With the success of the iTunes Music Store in carrying television series and music videos, people often wonder if Apple’s next step is to start carrying full-length feature films in the iTunes Music Store. It appears to be a logical next step to most people. However, the variables and complications involved in carrying films are much different than those for television shows.
You have to look at selling movies online from a value proposition perspective. What value is it for the motion picture industry to sell movies online? As it stands right now, very little. Let’s start with pricing. The average retail price for a DVD is around $29. Now, of course, no one pays that much (unless you still shop at Suncoast), but even a good price on Amazon will put an average DVD at about $17. Would the average consumer be willing to pay the same rate for lower-quality video with no DVD extras online? Probably not. A more reasonable price that your average consumer would be willing to pay would be about $10 which, as it so happens, is about what Apple charges for “feature-film-length” content already (see Conan O’Brien’s 10th Anniversary Special and The Best of Triumph the Insult Comic Dog).
But here’s where the problem lies. The motion picture industry looks at their content and says, “Well, you’re getting a full-length feature film, so you should pay full-length feature film price” and would want Apple to charge $19.99. The average consumer will, of course, balk at that price and say, “I might as well buy the stinkin’ DVD and rip it with Handbrake.” And this is where the disconnect occurs that could very well prevent movies from being sold online:
You and I perceive the value of a movie sold online as being less than the value of a movie sold on a DVD, while the motion picture industry perceives the value as being exactly the same and would want it priced accordingly.
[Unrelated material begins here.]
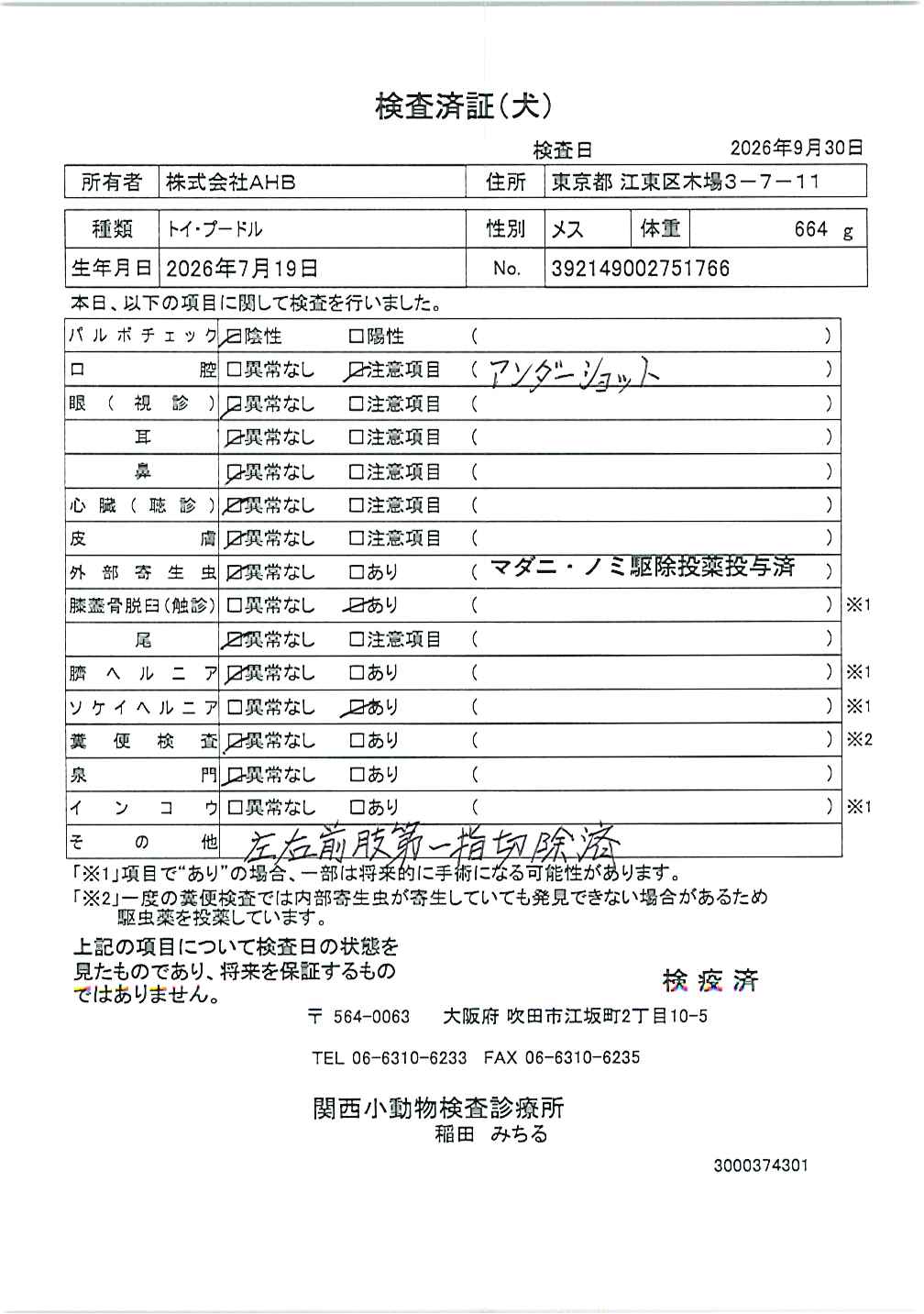 トイ・プードル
And let’s not forget the perceived problem of piracy and the motion picture’s “my way or the highway” method of doing business because of it. As it stands, it would be trivial to take iTunes content and distribute it online, but it doesn’t happen because there are better ways for pirates to put content online. Lost is available through torrents the next day at a higher quality than the iTMS for free and yet thousands of people purchase Lost each and every episode. Not putting your content out there just because of the threat of piracy (which will persist irregardless of the industry’s efforts) is stupid, and it may take some great convincing on Apple’s part to prove otherwise.
But let’s look at this more positively. There was a time when we didn’t think that Apple could get all of the record labels to cooperate together and release their content online. “Oh, the risk of piracy is too great,” they cried. And yet, the iTunes Music Store is a rousing success. Of course, there are still several obvious and important holdouts (The Beatles, AC/DC, Metallica), but by and large the content library is wide and varied. There was a time when we didn’t think that Apple could get a number of the television networks to cooperate together and release their content online. “Oh, the risk of piracy is too great,” they cried, but less vocally than before. And now, the iTunes Music Store is doing gangbusters selling television shows.
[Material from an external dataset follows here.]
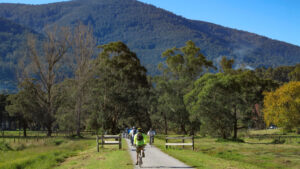 The scenery at Wesburn with Mt Donna Buang in the background [2020]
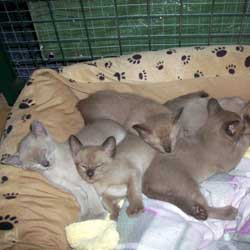 Tonkinese kittens - their mother is Ganomee Mirra Morn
So, the possibility is there. And let’s not forget the Disney-Pixar deal. If anything ends up as the catalyst for getting movies in iTunes, that will be it. Pixar is releasing Cars on June 9. Its DVD release will most likely fall just before Christmas. Think of the timing: just prior to Christmas, say around October, Apple has a media event announcing new iPods with larger storage capacity and extended battery life. “Oh, and one more thing…” and Steve Jobs announces the iTunes Movie Store, leading off with Cars as the marquee title (and maybe Pirates of the Carribean 2 or Apocalypto too—they may both be out on DVD around the same period). If it succeeds (and it will because the demand for iPods next Christmas will probably even eclipse this year’s record numbers), suddenly you’ll have millions of people buying Cars the day it’s released. They’ll sell more copies of it in one day than Sony has ever sold with any UMD title (after all, the most Sony’s ever sold of one UMD title is 100,000).
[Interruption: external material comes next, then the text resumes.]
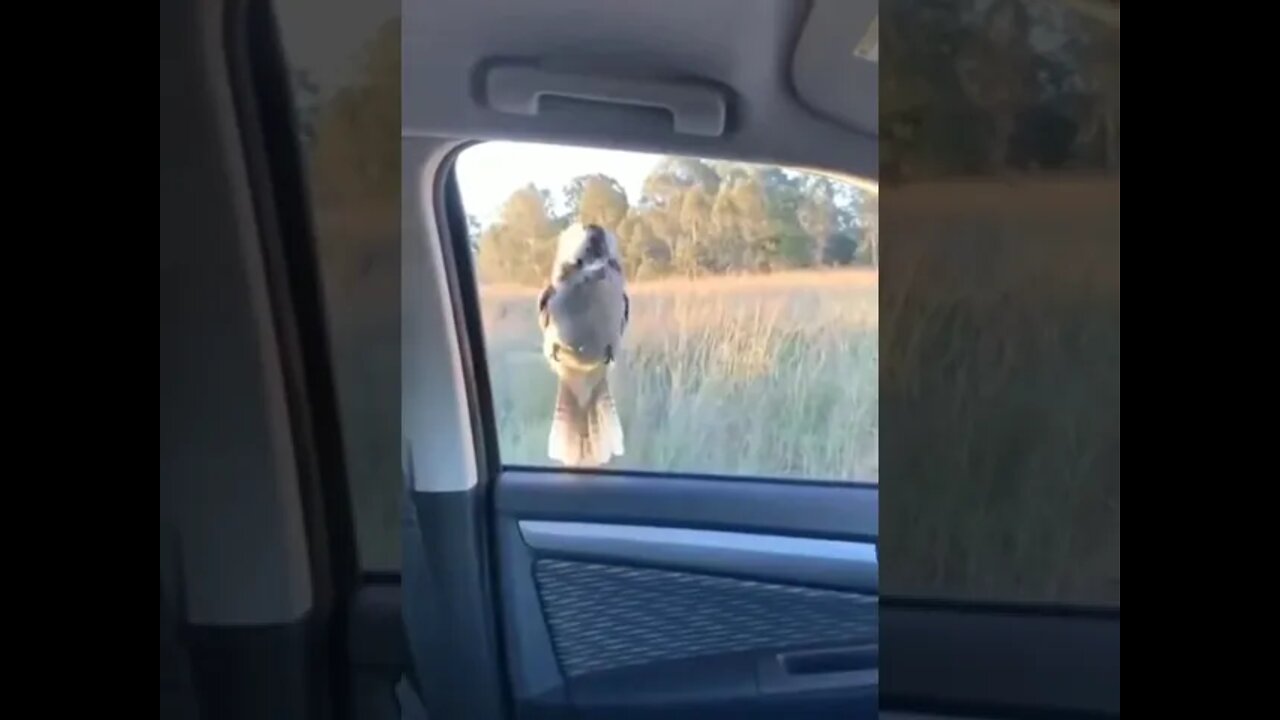 Bird Elevator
And let’s face it, with Disney onboard (and Buena Vista, Miramax and Touchstone), NBC Universal may want to jump in on it. Maybe even Viacom (MTV Networks are owned by them) and with them Paramount and Dreamworks. The only holdouts are going to be 20th Century Fox, Sony and WB/New Line. Independent Studios like Magnolia, Lion’s Gate and Weinstein would probably all trip over each other trying to get the opportunity of getting their films out to a now-enormous audience—way more than they could ever hope of reaching in limited-engagement art-house theater chains.
So, will iTunes ever carry movies?
Maybe. Eventually. If Steve Jobs can round up the studios to release their movies at a reasonable price ($9.99—nothing else will do) on the same days they release their DVDs, and if the technological hurdles (HD space, battery life and let’s not forget bandwidth) can be overcome, I’d say it’s totally plausible. The earliest this could happen I’d wager would be around late 2006. It may even be more realistic to think sometime in 2007. But it could happen and that’s something to look forward to.